Авторы революционных педагогических теорий были убеждены в том, что «новое» и «революционное» — синонимы, что революционное тождественно новому и наоборот. В конце 1920-х гг. они обнаруживают, что ошибались. Государство не собирается отмирать. Оно начинает крепнуть с каждым днем: Сталин не жалеет для этого усилий. Одновременно меняется отношение к школе. В 1930-е гг. ей возвращаются все атрибуты «схоластической феодальной школы». Все эксперименты в области методов и программ обучения объявляются «левацким уклоном». Знаком разрыва с политикой строительства «новой школы» была замена на посту наркома просвещения А. Луначарского, занимавшего этот пост с ноября 1917 г., партийным деятелем, долгие годы занимавшим должность начальника Политуправления Красной Армии, А. Бубновым[144].

Но цель осталась прежней. Спор о характере школы касался не принципа, но методов, техники обработки человеческого материала. Основная проблема заключалась в необходимости сочетать воспитание нового человека и его образование. В первые послереволюционные годы революционная школа была необходима, в первую очередь, как инструмент разрыва с прошлым, разрушения дореволюционных общественных связей. В 1918 г. на съезде работников народного просвещения было сказано ясно и недвусмысленно: «Мы должны создать из молодого поколения поколение коммунистов. Мы должны из детей — ибо они подобно воску поддаются влиянию — сделать настоящих, хороших коммунистов… Мы должны изъять детей из-под грубого влияния семьи. Мы должны их взять на учет, скажем прямо — национализировать. С первых же дней их жизни они будут находиться под благотворным влиянием коммунистических детских садов и школ. Здесь они воспримут азбуку коммунизма. Здесь они вырастут настоящими коммунистами»[145].

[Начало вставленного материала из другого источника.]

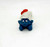 Vintage PEYO 4.0201 Bobsled Smurf PVC Figure, collectible Smurfs toy featuring a blue Smurf with a white helmet and red bobsled, on a plain white background.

Большевистская власть исходила из идеи, что главной силой исторического развития является классовая борьба, победителем в которой будет пролетариат. Были определены важнейшие практические принципы «коммунистического воспитания»: партийность, партийно-государственное руководство, классовость, наступательность и т. п.[146].

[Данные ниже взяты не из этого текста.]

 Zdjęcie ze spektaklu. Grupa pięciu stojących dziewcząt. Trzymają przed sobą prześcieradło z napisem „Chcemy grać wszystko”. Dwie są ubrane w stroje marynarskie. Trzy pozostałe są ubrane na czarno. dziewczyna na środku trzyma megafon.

В итоге альтернатива не смогла стать реальностью. В сложившихся исторических условиях, когда утверждался тоталитарный режим, предполагающий полный, тотальный контроль над обществом и личностью, иного быть не могло. Конструировалась революционная тоталитарная идеология, обосновывающая необходимость формирования нового общества и «нового человека».

Советский человек не просто должен был служить режиму, строя коммунизм, он должен был делать это активно. Во всех утопических теориях порочным является именно подход к центральной проблеме — к тому, каким должен быть человек Утопии, «новый человек». По сути, отказ от естественного развития, стремление «вывести улучшенную породу» человека и становится той миной, которая взрывает «прекрасный новый мир». Утопия невозможна — не потому что невозможен справедливый порядок в обществе, а потому что никакое ускорение развития не приводит к радикальным изменениям человеческой природы. Тоталитарные государства-автоматы оказались нежизнеспособными.

Уже после смерти Сталина утопическая идеология дала первую трещину. А брежневский застойный период стал, по сути дела, попыткой незаметно перевести построенную Лениным — Сталиным коммунистическую утопию в разряд «просто государств». Отсюда и исчезновение тезиса о построении коммунистического общества в 1980 г., и введение в официальную фразеологию понятия «развитой социализм», и прочее, прочее. За фасадом утопического государства постепенно возникала совершенно другая политическая и экономическая система. А во второй половине 1980-х и сам фасад дал трещину и, в конце концов, рухнул.